• WORK TO COMPLETE: Leaving out the images, return the data below exactly as it is written.

_ _ _ _ _

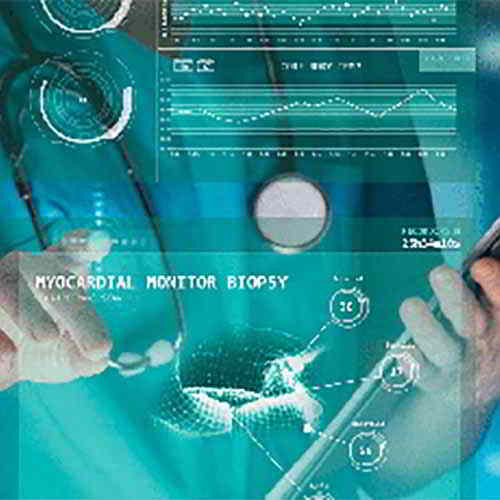 18 million North Americans used connected care solutions in 2018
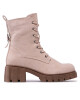 DeeZee Боти WS5576-11 Beige - Mera.bg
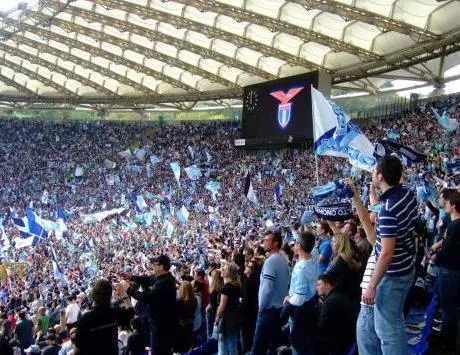 Lazio/Roma : un derby déserté ?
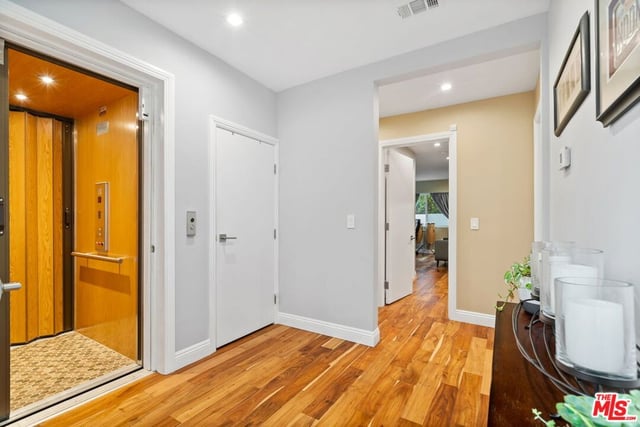 436 Levering Avenue, Los Angeles, CA 90024 — photo 10 of 69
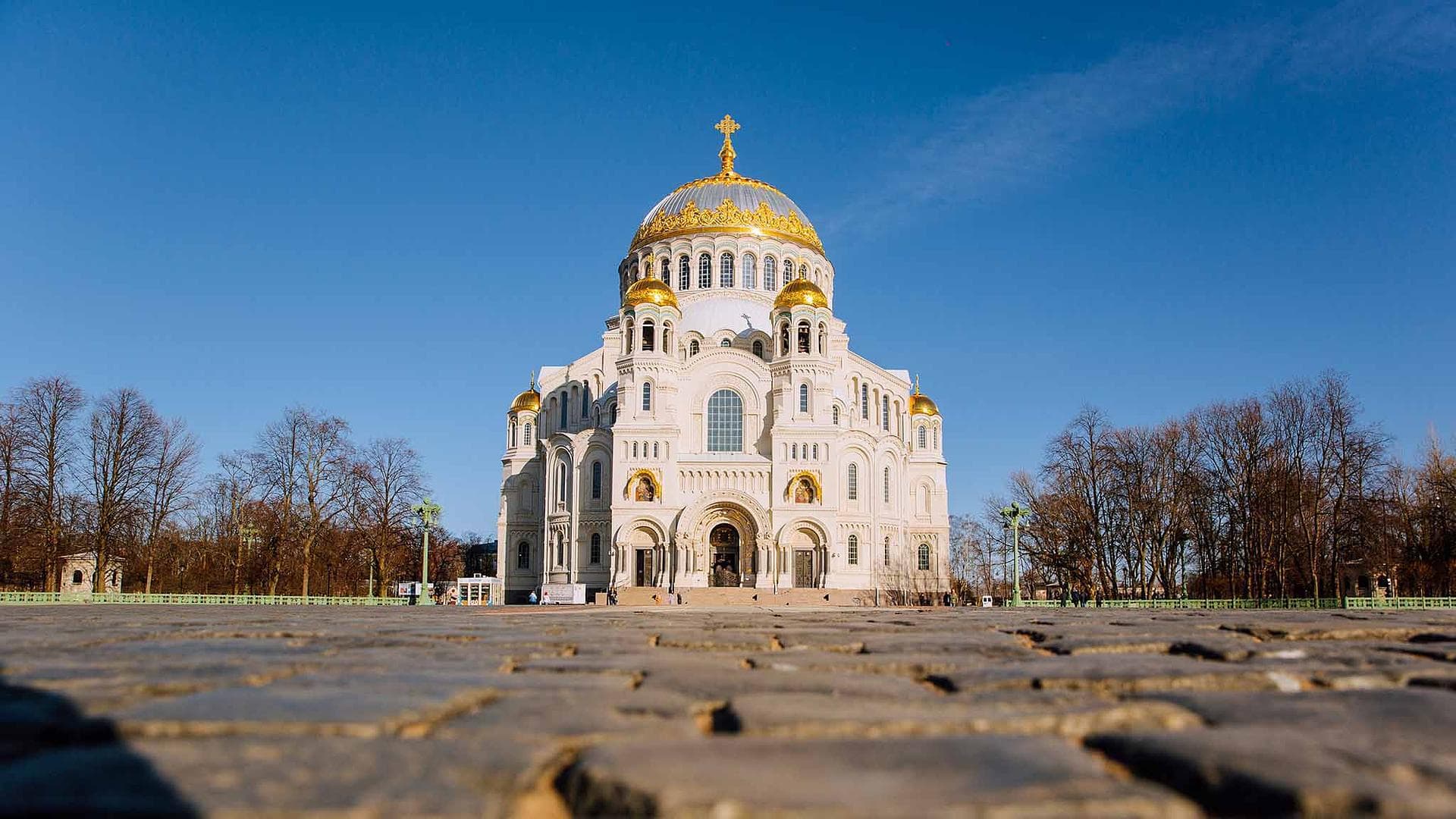 Ж/Д тур в Санкт-Петербург «все самое интересное» - фото 6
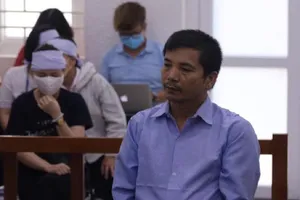 Tử hình bị cáo giết vợ, phân xác phi tang xuống sông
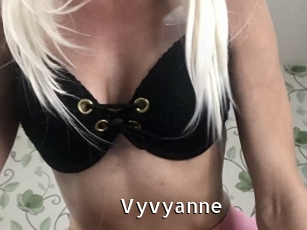 Vyvyanne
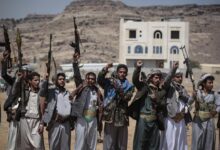 Nuevo ataque de los rebeldes hutíes: lanzaron drones contra una refinería de Aramco en Arabia Saudita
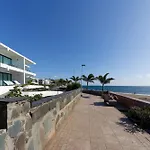 Amapola Palms - Recien Reformado, Frente Al Mar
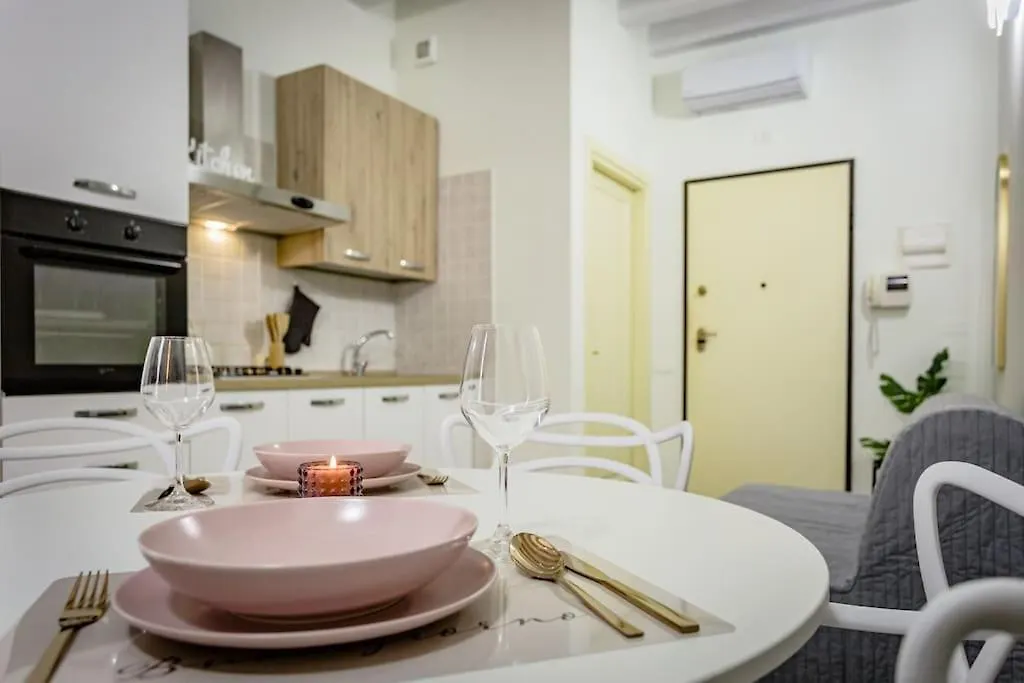 Apartment Sm Maison Marina Cagliari Italy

_ _ _ _ _

• SOLVED PROBLEM:
 18 million North Americans used connected care solutions in 2018
 DeeZee Боти WS5576-11 Beige - Mera.bg
 Lazio/Roma : un derby déserté ?
 436 Levering Avenue, Los Angeles, CA 90024 — photo 10 of 69
 Ж/Д тур в Санкт-Петербург «все самое интересное» - фото 6
 Tử hình bị cáo giết vợ, phân xác phi tang xuống sông
 Vyvyanne
 Nuevo ataque de los rebeldes hutíes: lanzaron drones contra una refinería de Aramco en Arabia Saudita
 Amapola Palms - Recien Reformado, Frente Al Mar
 Apartment Sm Maison Marina Cagliari Italy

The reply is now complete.